Nada me gustaría más que el lugar se llene de sabios, porque yo estoy aquí para aprender, pero si los sabios no nos tiran margaritas o perlas a los puerquitos como yo, ¿qué proponen?, ¿hilos vacíos?
(estoy dramatizando).
Los únicos altruistas aquí, somos nosotros, porque Wordrefence no es altruista, y sus fines no son los nuestros.


----------



## Peterdg

Yo tengo otro problema con comentarios de algunos foreros supuestamente doctos. 

Alguien escribe "esta palabra, ¿lleva acento?": y el comentario: "no es acento sino tilde". Es válido escribir "acento" como "acento ortográfico" o "tilde".
Alguien escribe "el verbo está en pretérito" : y el comentario: "es pretérito perfecto simple". "Pretérito" es la denominación que le dio Andrés Bello al "pretérito perfecto simple" y la RAE lo acepta.
Alguien escribe "imperfecto": y el comentario: "es el pretérito imperfecto". "El imperfecto" es un término válido para "el pretérito imperfecto". La RAE lo documenta en el DLE.
Alguien escribe "no me importa un pito": y el comentario: es "me importa un pito".  En el DLE de la RAE, dan como ejemplo: "no me importa un pito". (El "alguien", fui yo).
Alguien pregunta algo sobre el uso de un tiempo verbal en un texto.
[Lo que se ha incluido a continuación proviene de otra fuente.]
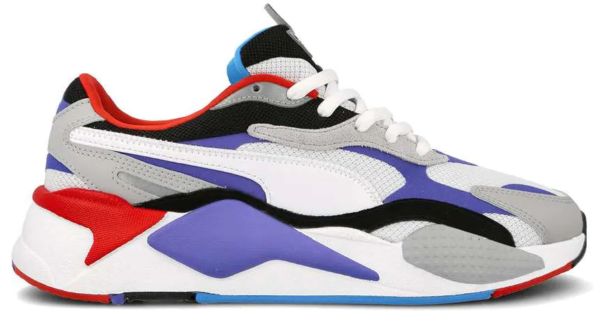 Giày Puma RS-X3 Puzzle White 371570-05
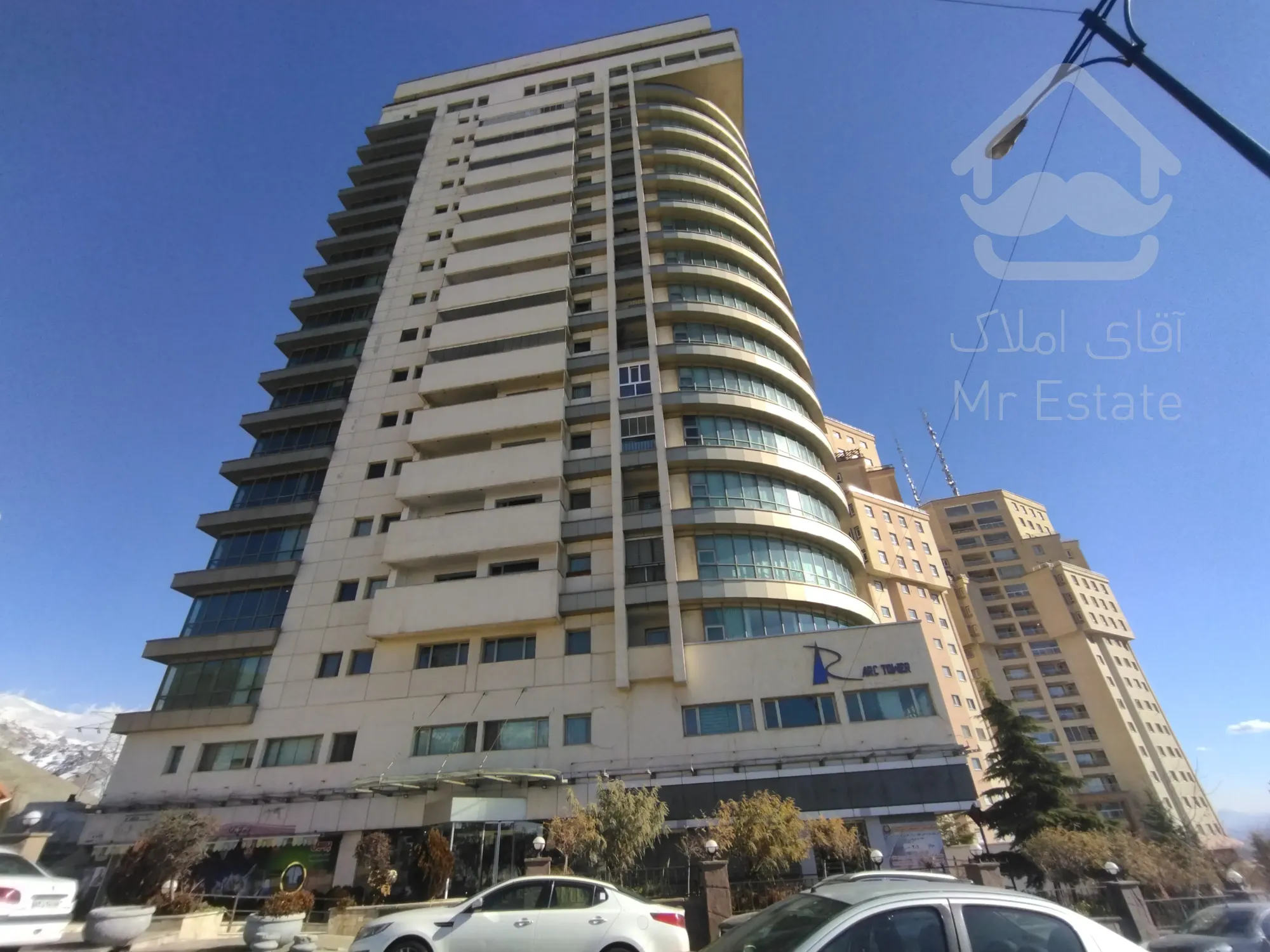 185متر ویو ابدی برج بالای سعادت آباد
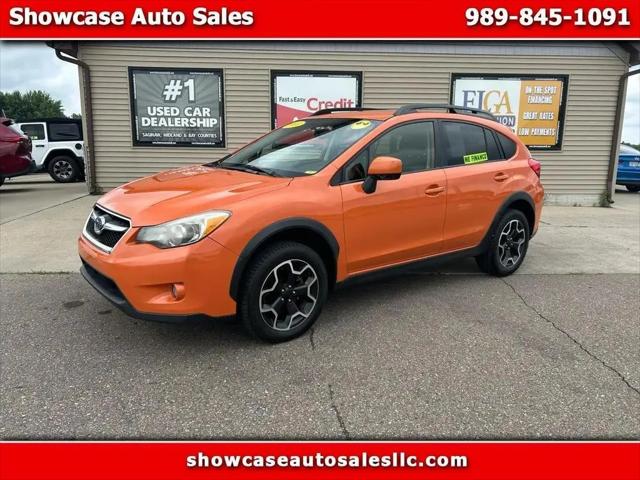 2013 Subaru XV Crosstrek 2.0i Premium for sale in Chesaning, MI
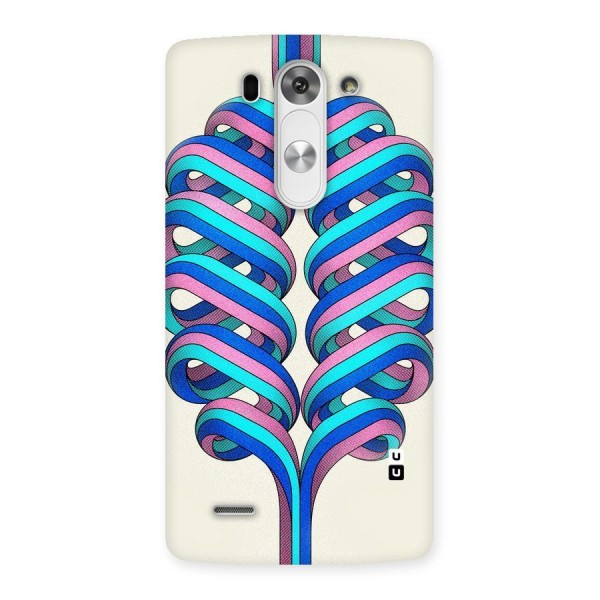 Coil Abstract Pattern Back Case for LG G3 Mini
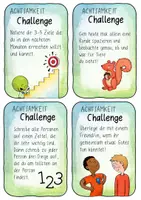 Vorschau - Aufgabenkarten - 25 Challenges zum Thema Achtsamkeit - Seite 3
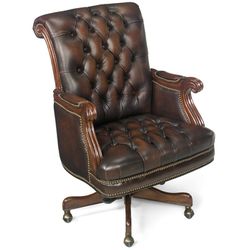 High Class/Quality Offices Leather Swivel Boss Chair  Thumbnail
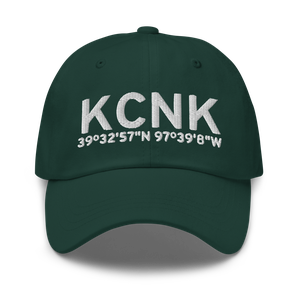 Blosser Municipal Airport (KCNK) ICAO Hat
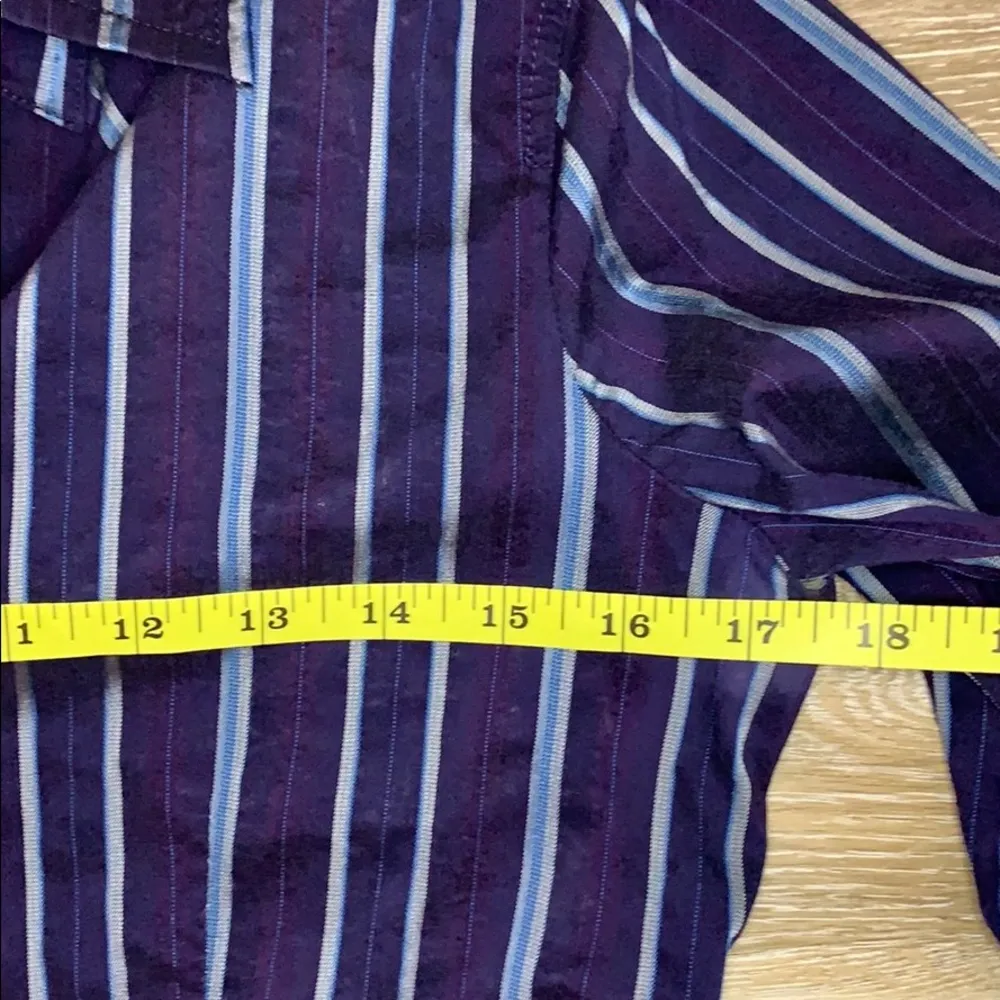 Express-Button Down Shirt EUC - Image 9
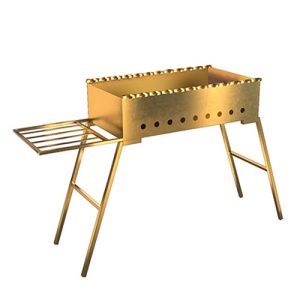 Мангал дачный стационарный 64х37х65 см GOLD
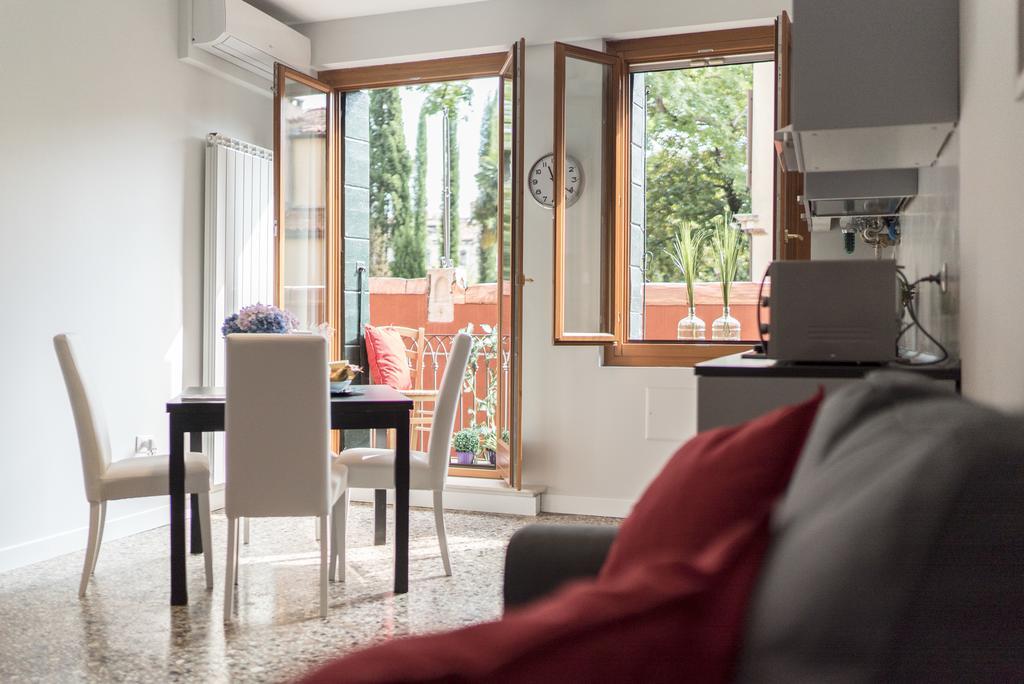 Venier Apartment Venedig Exteriör bild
El comentario: "(el texto) está pésimamente redactado". Es una cita de un cuento de una autora respetada. Es posible que haya un error en el texto, pero eso no significa que lo todo esté pésimamente redactado.


----------



## swift

Estimado @Peterdg:

El símbolo de pulgadas no debe remplazar nunca las comillas angulares (o _españolas_). Puede usted aprender más acerca del recto uso de las comillas con ayuda de un buen manual de ortotipografía. En su defecto, el _Diccionario panhispánico de dudas_ de la Academia es un buen punto de partida: comillas.



Creo que lo que apuntas es muy valioso y da cuenta de lo mucho que hace falta ejercer mejor juicio a la hora de responder —o abstenerse de hacerlo, si no se tiene nada bueno que aportar más que ruido—.


----------